Try to choose host and nectar plants that are native to the area. Since they evolved under local conditions and in step with the butterflies, native plants are better able to meet the creatures' needs. And because native plants are well adapted to your climate, soil conditions, and so on, they should also be easier to care for.
Keep the blooms coming. Remember, butterflies will have a number of generations per year, so be sure to choose plants with staggered bloom times to provide nectar throughout the season.
Consider the sun. Place the garden in a sunny area. Butterflies prefer nectar from sun-loving plants. Also include dark, flat stones. These will absorb the sun's heat and provide a warm spot where adults can bask, dry their wings, and warm their bodies for flying.
Use large splashes of color. Butterflies will hone in on bold clumps of colorful flowers. Keep a number of plants with similar flower colors together.
Provide puddles. Make sure your garden features puddles or other shallow water sources. In many species, males will congregate in "drinking clubs" (most likely to obtain salts and amino acids they require). If you have no naturally occurring puddles, try sinking a shallow container filled with moist sand or stones into the ground.
Never use pesticides.
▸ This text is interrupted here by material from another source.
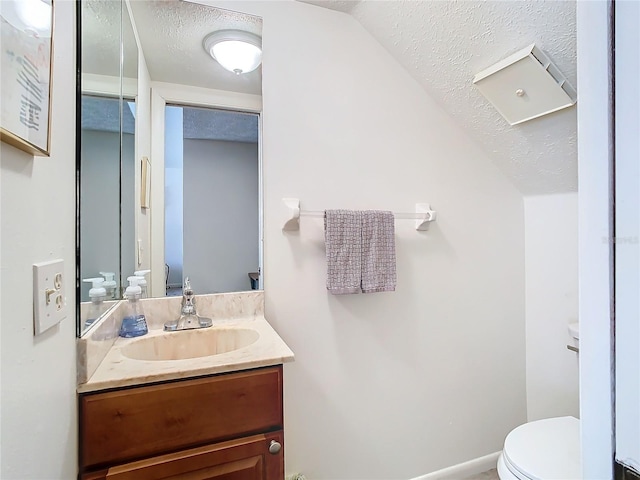 bathroom with vanity, lofted ceiling, toilet, and a textured ceiling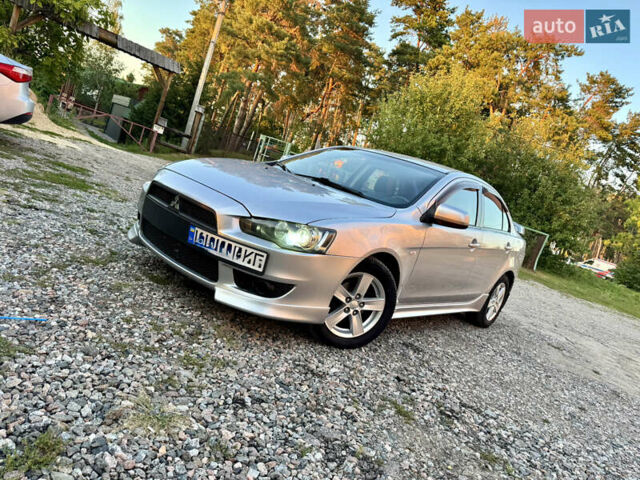 Сірий Міцубісі Lancer, об'ємом двигуна 2 л та пробігом 223 тис. км за 7390 $, фото 1 на Automoto.ua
Even organic pesticides can harm caterpillars and butterflies.
Cultivate keen observers. The best way to learn about butterfly needs and preferences is to observe them carefully and take note of which plants and conditions entice your visitors.
Once you have a plan for your butterfly- or bird-friendly garden and a list of plants that will do well in your area, you have several options.
* You can raise many butterfly nectar plants and some host plants in your indoor classroom garden, then transplant them outside in the spring. Marigolds, zinnias, parsley, dill, cosmos, sunflowers, black-eyed Susans, hollyhocks, and nicotiana are easy to start indoors.
* Approach parents, garden clubs, and local nurseries for donations of plants and divisions for your project. Personal letters from students describing the habitat project may elicit donations and reinforce communications lessons. Nursery people may even be willing to offer advice and guidance on planning, planting, and maintaining the garden.
* Consider saving and planting seeds from wild plants that attract butterflies.
A plant that is considered native to an area has evolved in a region over time and developed complex, interdependent relationships with other organisms. Some plants, for instance, depend on nutrients made available by certain types of local soil fungus. Certain butterflies depend for protection on toxic substances produced by local plants.
Consider planting or preserving as many native plants as possible in your schoolyard. Native plants are better designed to meet regional wildlife needs and, because they're adapted to local climatic conditions and soils, should be easier to maintain. Always try to obtain native plants from local or regional sources, or start your own from collected seeds of plants that are plentiful. Never dig up wild plants unless you're rescuing them from a site that's under construction.